CETL in the News - April and May Roundup
This spring, CETL staff continued sharing their expertise in teaching and learning with the broader education community.
My favorite bit of CETL news from the late spring was the unveiling of the cover to CETL associate director Liz Norell’s forthcoming book, The Present Professor: Authenticity and Transformational Teaching. Just look at this beautiful cover:
Here’s an excerpt from the description of Liz’s book:
At a time of crisis in higher education, as teachers struggle to find new ways to relate to, think about, and instruct students, this book holds a key. Implementing more inclusive pedagogies, Norell suggests, requires sorting out our own identities. In short, if we want to create spaces where students have the confidence, comfort, and psychological safety to learn and grow, we have to create spaces where we do, too. The Present Professor is dedicated to that proposition, and to helping educators build that transformational space.
The Present Professor will be published in December 2024 by the University of Oklahoma Press as part of the new "Teaching, Engaging, and Thriving in Higher Ed" series edited by James M. Lang and Michelle D. Miller, and pre-orders are now open.
Meanwhile, CETL director Josh Eyler continues to share the research from his forthcoming book, Failing Our Future: How Grades Harm Students, and What We Can Do About It. In early April Josh was interviewed by reporter Jeffrey Young for the EdSurge podcast in an episode titled “Is It Time for a National Conversation About Eliminating Letter Grades?” Josh talked about the problems with grades and grading, the need for system-level conversations about grades, and how to respond to parents and students skeptical about leaving grades behind. Listen here or search for “EdSurge” in your favorite podcast app.

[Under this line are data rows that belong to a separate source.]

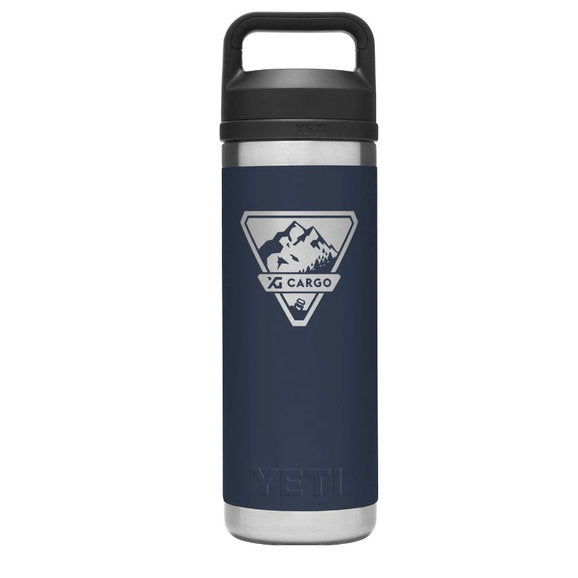 Load image into Gallery viewer, XG Cargo X YETI Rambler 18oz. Bottle with Chug Cap
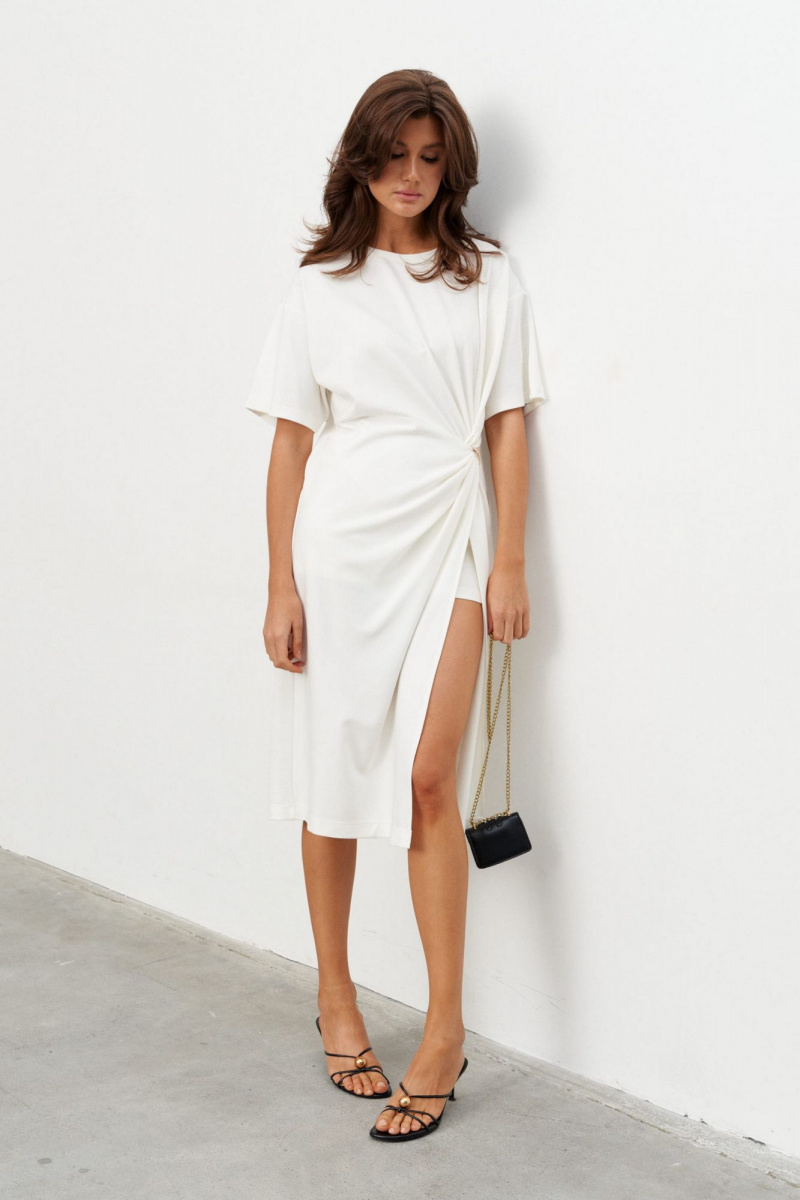 Платья KaVaRi 1136.1 белый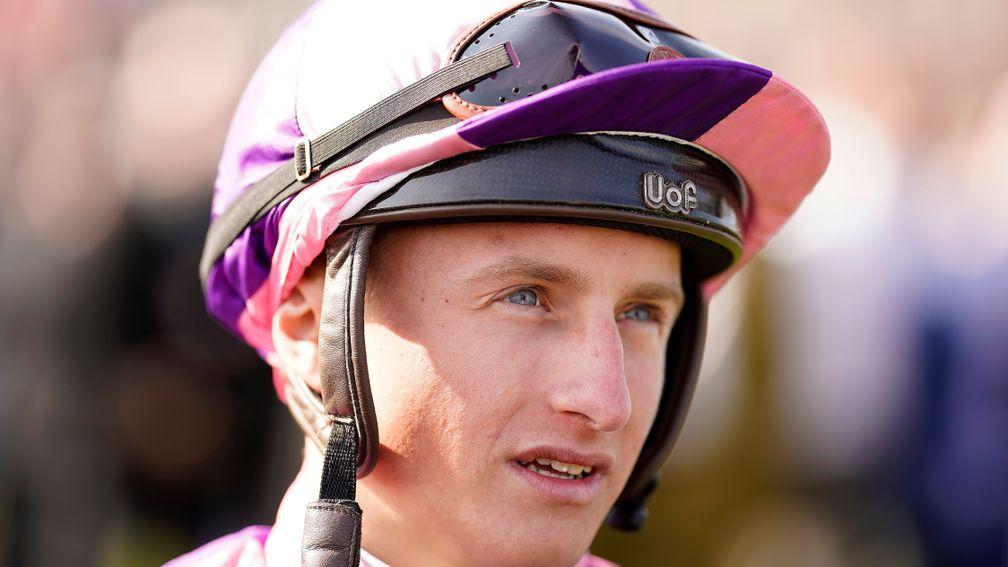 Tom Marquand: rider escaped serious injury in Australia on Saturday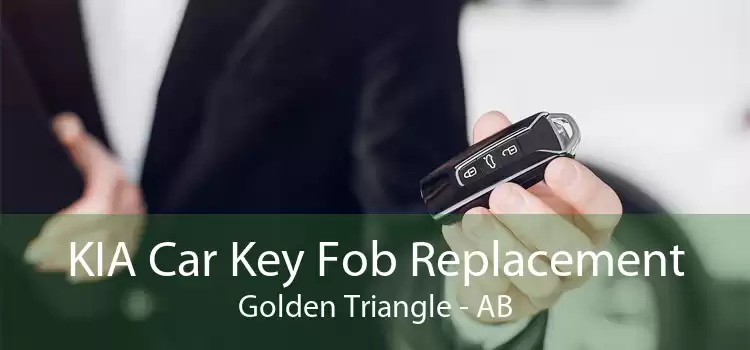 KIA Car Key Fob Replacement Golden Triangle - AB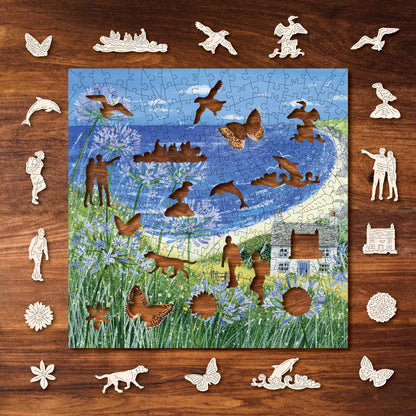 Cottage By The Sea - Victory Wooden Puzzles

More recently, Josh wrote another essay appearing in the Saturday Evening Post. This one is titled “The Math Wars: Timed Tests, Math Anxiety, and the Battle Over How We Teach Our Kids.” In the essay, Josh wades into current debates over the link between timed math tests and math anxiety, both of which are very real parts of math education, especially at the K-12 level. “Remember those quizzes where you had to solve as many multiplication problems as possible in less than a minute?” Josh asks. I do! I loved those. But I’m the oddball who went on to get a PhD in mathematics. The fact that timed arithmetic tests worked for me is no reason to conclude they work for every learner. In the essay, Josh reminds us that education is complicated and that “when it comes to our work with students, we should always err on the sides of concern and empathy.”